Chapter Eight #2

Sebastian cleared his throat; Georgie suppressed a sigh, fearing what was to come next. “The truth is, Severin, old chap, that Georgie here has been fretting something awful over Penbaker’s death, ever since that knock on the head yesterday.”

“Has she?” Severin asked.

“It made her reflect on… mortality, I suppose,” Sebastian said with a sad shake of his head.

“How quickly death can come for us all. We were talking about your erstwhile council chairman’s tragic death last night—how you never know what day might be your last, don’t you know?

—and she began to wonder if perhaps there wasn’t more to it. ”

There was something oddly transfixing about him as he spoke; his handsome face; wide-eyed, guileless demeanor; and the smooth, soothing tone of his voice made it difficult to turn away from him. She risked a glance at Severin and saw that his expression had softened.

Sebastian gave her a brief, small nod, and she tried again. “When Mr. Penbaker fell ill,” Georgie said, leaning forward in her seat as Severin’s gaze flicked back toward her, “was there anything about his condition that made you think it could be something more serious? Something like—”

“Poison?” Severin finished for her, then scrubbed his hands over his face in a gesture that conveyed extreme weariness.

“Christ, I thought I was setting up a practice in a quiet village and that nothing at all interesting would happen here. Never seen so many dead bodies in my life.” He shook his head ruefully.

“Mrs. Penbaker rang me the afternoon of her husband’s death because she returned home from a meeting to find him unwell—he was complaining of dizziness and chest pain, and by the time I arrived he’d suffered cardiac arrest. I was unable to revive him, as is often the case with heart attacks—they happen very quickly, often with little warning.

It’s a tragedy, but I found nothing unusual in it. ”

“Hmm.” This was nothing more than what Georgie had already heard through the grapevine of village gossip, but she had hoped that hearing the tale directly from Severin would help her uncover some new, overlooked piece of information.

“Had Mr. Penbaker complained of feeling unwell prior to that day?”

Severin paused, his brow furrowing slightly. “He had other complaints, but nothing that seemed unusual for a man of his age—he had terrible aches in his joints, for example, and he drank a particular tea that I blended for him to help with that. But otherwise, he seemed in fairly good health.”

“How did Mrs. Penbaker seem when you arrived?” Sebastian asked; he’d spent the entire time Severin was speaking gazing idly around the room, not seeming to pay attention to the matters being discussed, but he’d now glanced up and was looking steadily at Severin.
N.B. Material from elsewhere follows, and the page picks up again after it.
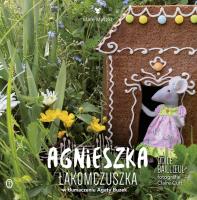 Agnieszka Łakomczuszka. Autor: Odile Baillul, Claire Curt, Agata Buzek. SmakLiter.pl Okładka książki Agnieszka Łakomczuszka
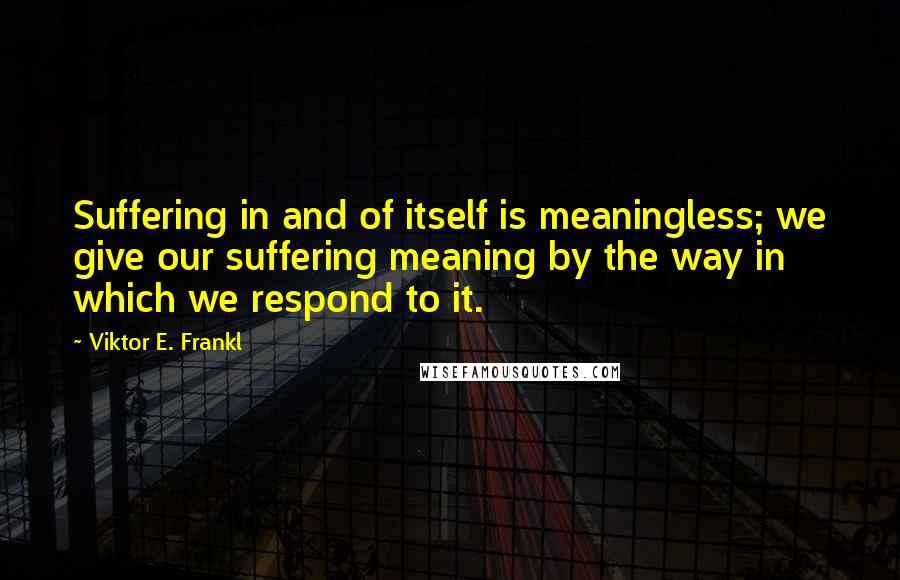 Viktor E. Frankl Quotes: Suffering in and of itself is meaningless; we give our suffering meaning by the way in which we respond to it.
“As you’d expect,” Severin replied. “She was distraught. It was all the more startling, since she strikes me as a woman who is very collected.” He shook his head with an unhappy twist of his mouth.

“It is always difficult when a spouse is present during these sorts of events, no matter how unhappy their marriage.”

Georgie blinked at this last, almost thoughtless addition. “Did you not think theirs was a happy marriage?”

Severin glanced at her for a moment, seeming to weigh his words, then said, rather carefully, “I have not lived here long, Miss Radcliffe, so you’d likely be better able to answer that question than I would.

But based on my few encounters with them…

no, I would not have said that the Penbakers had a particularly loving marriage. ”

Georgie glanced quickly at Sebastian, and just as quickly away again. Severin did not miss this.

“I don’t know what you think you’re investigating,” Severin said, “but if you’re in search of a murder victim, I think you’re wandering down the wrong path.”

“Thank you,” Georgie said gravely. “I do appreciate it when men tell me that I’m wrong.”

To his credit, Severin flashed a smile of genuine good humor at that. “Fair enough, Miss Radcliffe. Good luck, then, I suppose.”

In short order, he showed them to the door and bid them farewell. As soon as the door closed behind them, Georgie turned to Sebastian. “Are you thinking what I’m thinking?”

“Probably not,” he said. “Unless you, too, are thinking that it has been positively ages since we ate that porridge—”

“It has been an hour at most.”

“—and therefore we’re overdue for a midmorning scone?” His eyes were wide and hopeful.

Georgie did not roll her eyes, which she thought a promising sign of personal growth. “I was thinking,” she said impatiently, “that we need to work out a way to speak to Mrs. Penbaker next, without raising her suspicions.”

“But first, may we acquire a scone?” he asked, offering her his most blinding smile.

“Only if you promise never to smile at me like that again,” she said coldly, and he laughed—a genuine, surprised laugh—as he followed her down the lane toward the high street.

And as they walked, she wasted at least ten seconds informing herself, quite sternly, that she did not like the sound of that laugh at all.